## WHAT IS BEING ASKED
Print the records below word for word, but leave out the pictures.
──────────
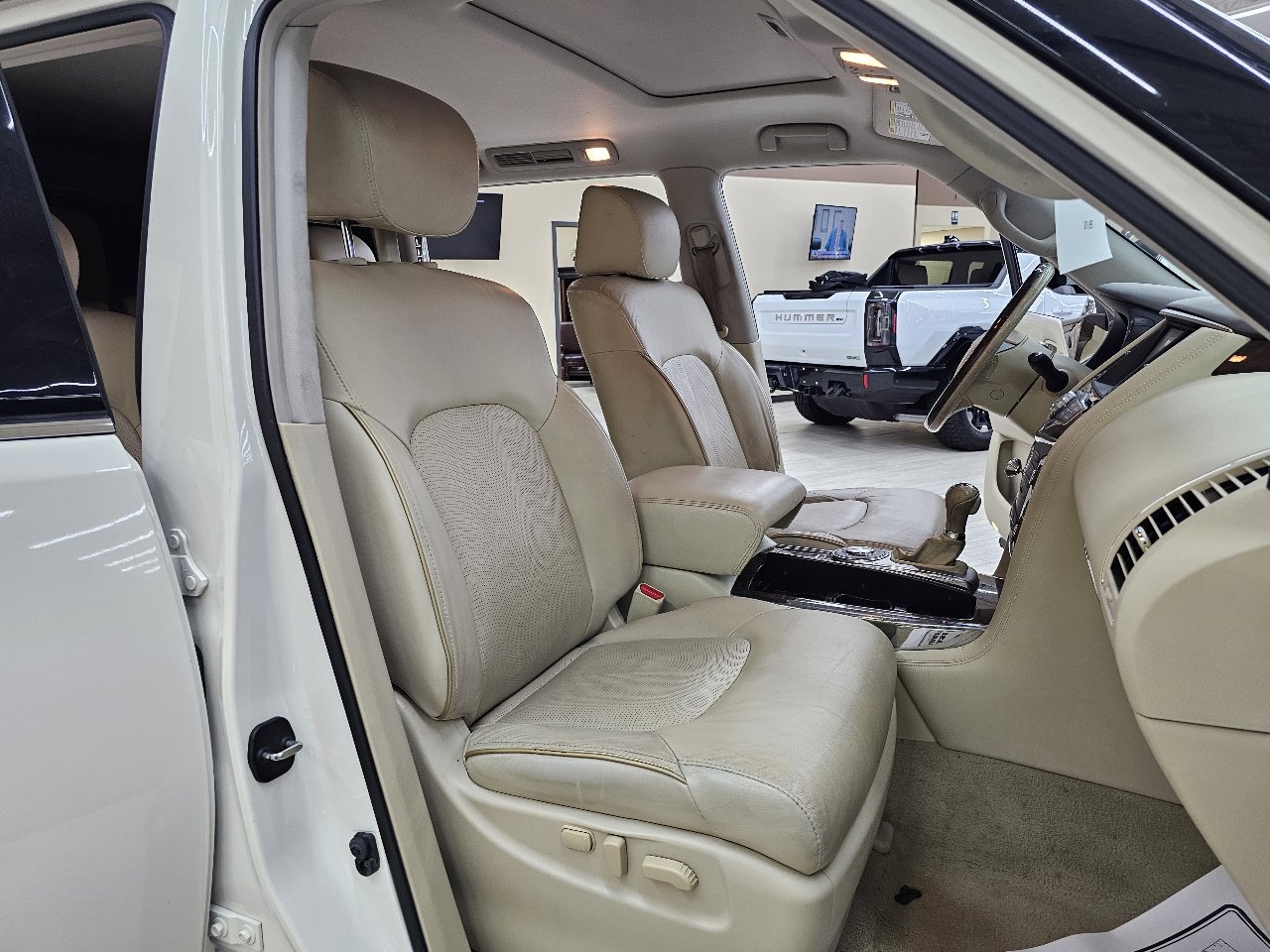 Used 2016 INFINITI QX80 2WD w/ 22" Wheel Package image 19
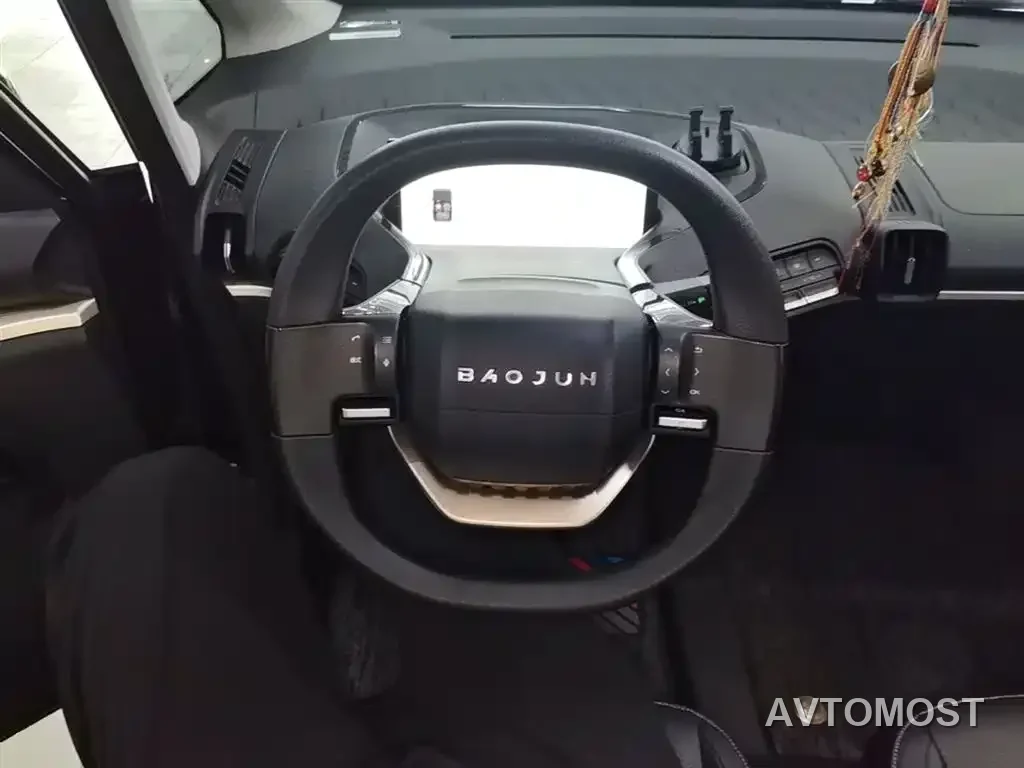 Baojun KiWi EV 2022 Designer Lite NMC — фото 10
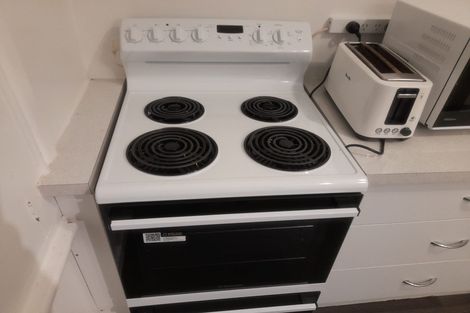 Photo of property in 305 Queens Drive, Windsor, Invercargill, 9810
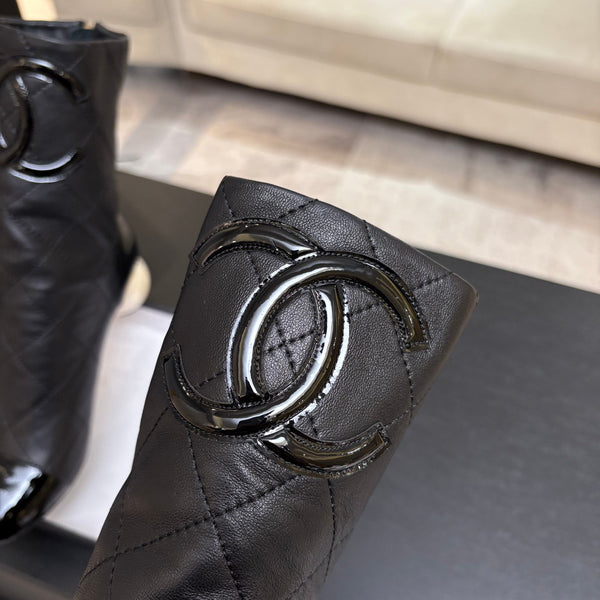 CC 26s Mid-Calf Pearl Boots 6.5CM Black Quited Calfskin 957731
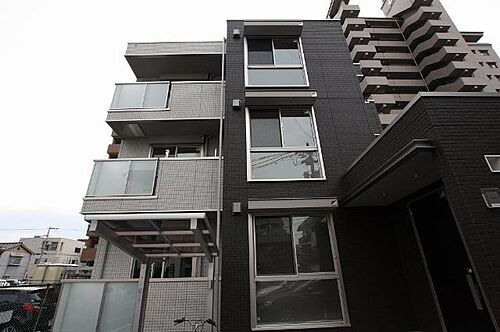 広島県福山市光南町２丁目 3階建 築9年2ヶ月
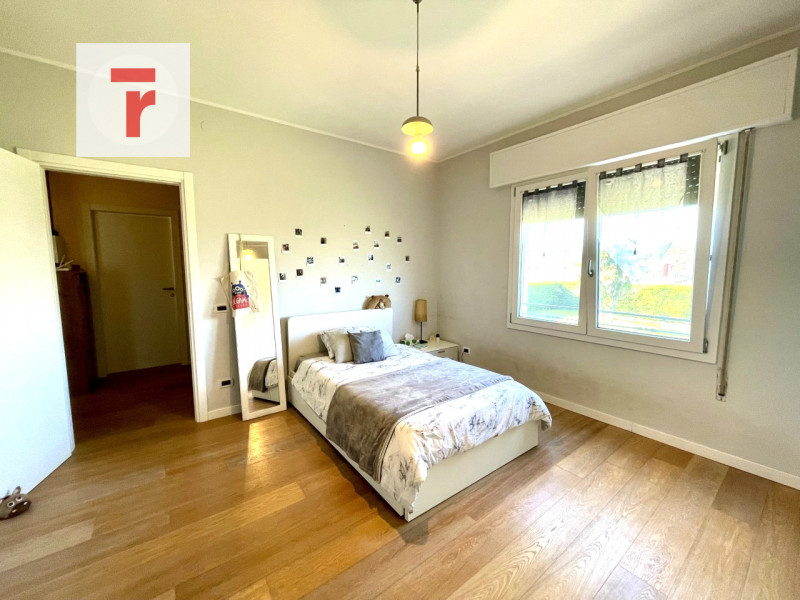 Vicinanze Legnaro proponiamo casa singola con giardino di 1000mq.

L'abitazione è immersa nel ver...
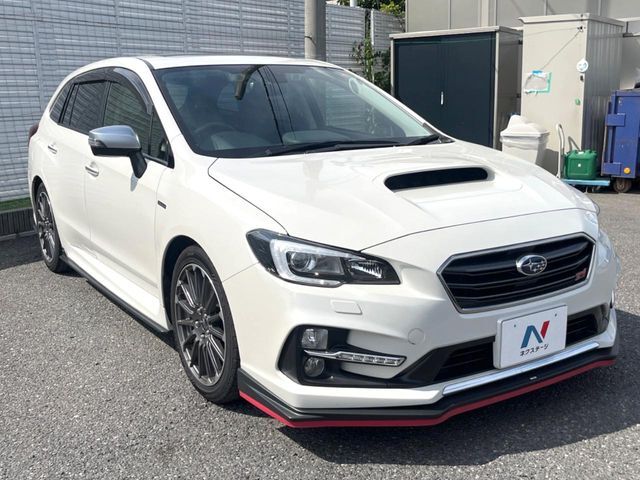 大好評のボディコーティング「弾スプラッシュコート」もご納車までに施工可能。通常のガラスコートと異なる、耐久年数6年の無機質ガラスコーティングが、ボディをキレイな状態に保ってくれます。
──────────
## TASK OUTPUT
 Used 2016 INFINITI QX80 2WD w/ 22" Wheel Package image 19
 Baojun KiWi EV 2022 Designer Lite NMC — фото 10
 Photo of property in 305 Queens Drive, Windsor, Invercargill, 9810
 CC 26s Mid-Calf Pearl Boots 6.5CM Black Quited Calfskin 957731
 広島県福山市光南町２丁目 3階建 築9年2ヶ月
 Vicinanze Legnaro proponiamo casa singola con giardino di 1000mq.

L'abitazione è immersa nel ver...
 大好評のボディコーティング「弾スプラッシュコート」もご納車までに施工可能。通常のガラスコートと異なる、耐久年数6年の無機質ガラスコーティングが、ボディをキレイな状態に保ってくれます。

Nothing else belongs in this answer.